Well, um, hm. WM's position is, in a nutshell, that an author is honor-bound to offer a magazine the chance to decide whether his views are worth publishing, but the magazine is not honor-bound to make them public, nor is a critic honor-bound to make public letters (like those of Roth and Lowry) which are addressed to him. Nor is the writer who addresses him personally entitled to share the exchange with the public: Mason's responses are made in the context of a private correspondence. They are not public, they're private, and must remain so.
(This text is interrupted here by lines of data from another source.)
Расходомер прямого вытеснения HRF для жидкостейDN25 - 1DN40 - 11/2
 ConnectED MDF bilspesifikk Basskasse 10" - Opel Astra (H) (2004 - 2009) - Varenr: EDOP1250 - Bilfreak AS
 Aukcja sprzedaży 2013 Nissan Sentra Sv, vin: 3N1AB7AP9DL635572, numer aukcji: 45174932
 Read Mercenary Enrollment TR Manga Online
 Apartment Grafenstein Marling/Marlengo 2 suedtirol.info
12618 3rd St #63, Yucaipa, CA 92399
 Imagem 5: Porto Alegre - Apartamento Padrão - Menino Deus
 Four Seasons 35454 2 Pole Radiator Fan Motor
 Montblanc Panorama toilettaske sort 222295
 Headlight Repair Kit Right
So he did not want his e-mail published on the blog, because it was private.

Just to be clear, Mason seems to draw a distinction between the sort of discussion we had been having and a response to a review. The letters he quoted were written by authors about books they felt had been unfairly reviewed; he thought they would have been published if sent to the editor, and that was the forum where such responses should appear. My e-mail, obviously, doesn't fall in that category. It doesn't count as someone in the novelistic ranks returning critical fire, because it's not a response to a review, either of me or anyone else; it's just someone in the novelistic ranks taking issue with Mason's assessment of the opportunities for those in the novelistic ranks to return critical fire, if he and those like him fail to provide them. So we weren't actually exchanging words about art, we were just in talks about talks. And he never said that when we witness talks about talks about art we witness civilization. He never said that when we witness talks about talks about talks about art we witness civilization.

I think most writers don't engage much with critics because they suspect this kind of thing is on the cards.

Anyway, as always, the moral of the story is that I would have been happier as a statistician.

You'll remember that WM thought a letter to the editor was the correct way to advance critical debate. You'll also remember that he thought blogs weren't up to the job, because a 50- or 500-word post is an inadequate response to a 5000-word review. So I decide to see whether there is any evidence that 'Letters to the Editor' is a plausible forum for the sort of letter written by Roth and Lowry. Roth wrote a 2209-word letter that he didn't send. Lowry sent a letter that was 2405 words long. Might these have reached the public if sent to an editor?

I don't have an online sub to Harper's, so I can't do word counts on their letters. I turn instead to the NYRB (you'll remember that WM was surprised that its back pages had no letters from writers of fiction). In the 20 issues published in the last year, the NYRB published 73 letters to the editor (not including replies and letters by the editors); 62 were under 500 words long. The longest was 1100. The following little table is horrible, but shows the distribution:

(No, since you ask, this was not a sensible use of time.)

The longest letters tend, in fact, to be responses not to reviews but to political events: an open letter to the Attorney General, an open letter to Bush, an open letter on events in Tibet. A couple of longish letters (upper 300s) were tributes to the dead (Walcott on Hardwick, Epstein on Mailer).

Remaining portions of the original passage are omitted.